There are many “models” which have been offered up to flight crews over the past several decades that seek to explain the role of automation on the flight deck. Some have proven remarkably durable and easy to adopt, others have persisted in spite of the fact that they only obscure the essential knowledge that we feel is required for contemporary flight crews to master the challenge of 21st-Century airmanship.
In a recent article (published this month) in one of the industry’s leading safety journals, it has come to the surface—again—that somehow the cool, dutiful and highly reliable technology that is part of the design of every modern aircraft, “In effect…has become another crewmember that must be incorporated into the CRM process. It has become an integral part of the crew concept and is subject to the same fallacies as its human counterparts.”
Bunk. Pure Bunk.
A couple of decades ago, as aviation was rapidly adopting the powerful new systems that still make up the information technology backbone of the modern cockpit (the modern Flight Management System, or FMS), I can remember finding this compellingly interesting as well.

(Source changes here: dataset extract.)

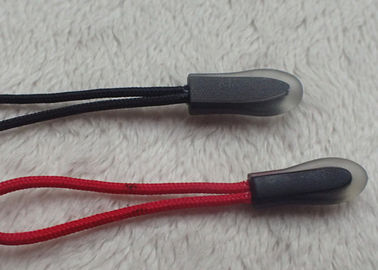 Outdoor Wear Injection Rope Zipper Puller do toreb i ubrań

But we are much more knowledgeable and have much sounder research across the entire automation and technology industry to suggest that we should give over to these lifeless systems attributes of human operators in order to more effectively use them. It’s time to walk away from this concept and embrace a more flexible, accurate, and durable approach (if you haven’t already): the FMS, and all of the autoflight and display technology on the flight deck together form a system, that, though highly integrated, is learnable to the highest level of professional expertise.

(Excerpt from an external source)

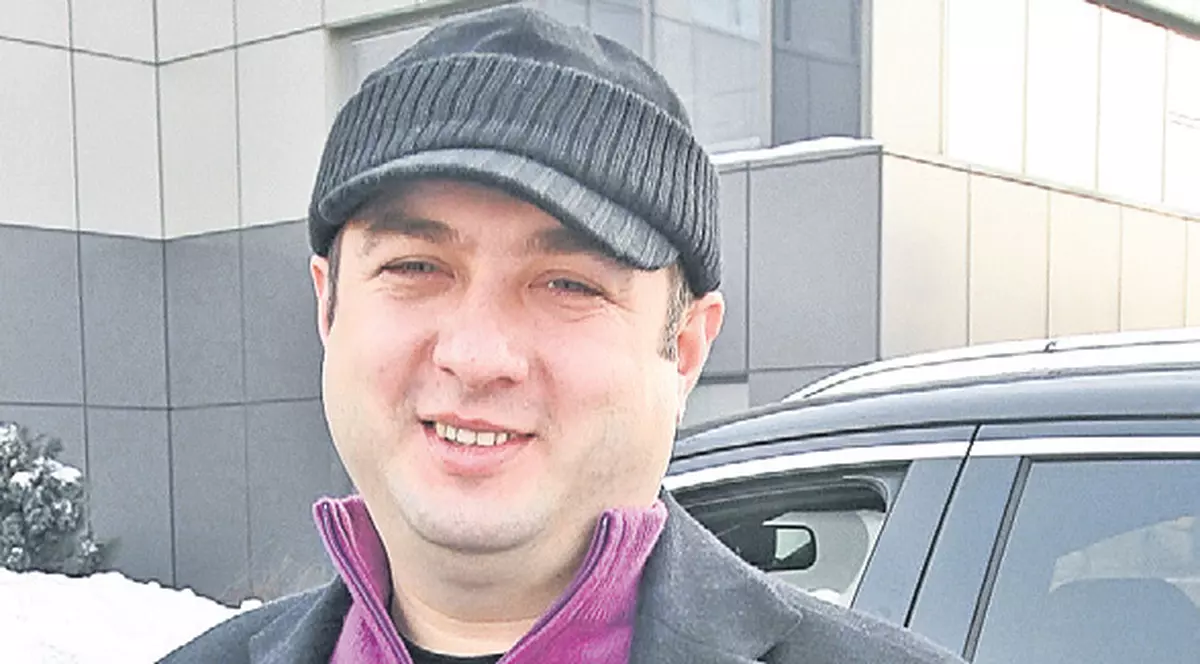 PANICĂ în CASA lui LEO DE LA STREHAIA! Ce s-a ÎNTÂMPLAT?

We have the privilege to work with accomplished pilots of all varieties, fixed-wing and rotary, from air carrier pilots, pilots of western military organizations, and recreational pilots flying for their own aeronautical satisfaction. Of those who have achieved high levels of personal airmanship, they all demonstrate a command over the technology and automation on par with their knowledge of any other aircraft system (i.e., powerplant, hydraulic, pneumatic, electrical, fuel, flight control systems). Plain and simple: these highly trained, practiced and proficient experts wouldn’t treat the fuel system any different from the autoflight system by, say, wondering, what it might do next, or why it just did that. Likewise, I am constantly impressed with the eagerness that professional flight crewmembers seek out explanations and details about how their autoflight operates and is integrated not only into the overall aircraft design, but into the procedures that govern their flight deck activities, and even the diverse airspace environments in which they operate.
We don’t propose that contemporary flight crews need to know their autoflight and technology system to the level of detail of an engineer; we do however—without apology—recommend that every crew member learn the capabilities of their autoflight system to the level of expertise that allows them to clearly and decisively identify when the system is not delivering the desired performance, or is inappropriate for the current flight conditions. We feel so strongly about this as a result of over a decade of research and fieldwork, and analysis of countless accidents and incidents involving this class of aircraft, that we describe this “essential systems knowledge” at the beginning of our book, Automation Airmanship. Additionally, Logic Knowledge is a principle of Automation Airmanship, the final and crowning of the nine principles that govern the way flight crews can confront the demands of modern technology with knowledge, discipline, and purpose.
If you have taken up the habit of calling your technology systems on the flight deck by a pet name, it’s a sure sign that you might not have the deep knowledge of that system on par with your expertise across the other (more traditionally mastered) aircraft systems.
Until our next report, fly safe, and always, fly first.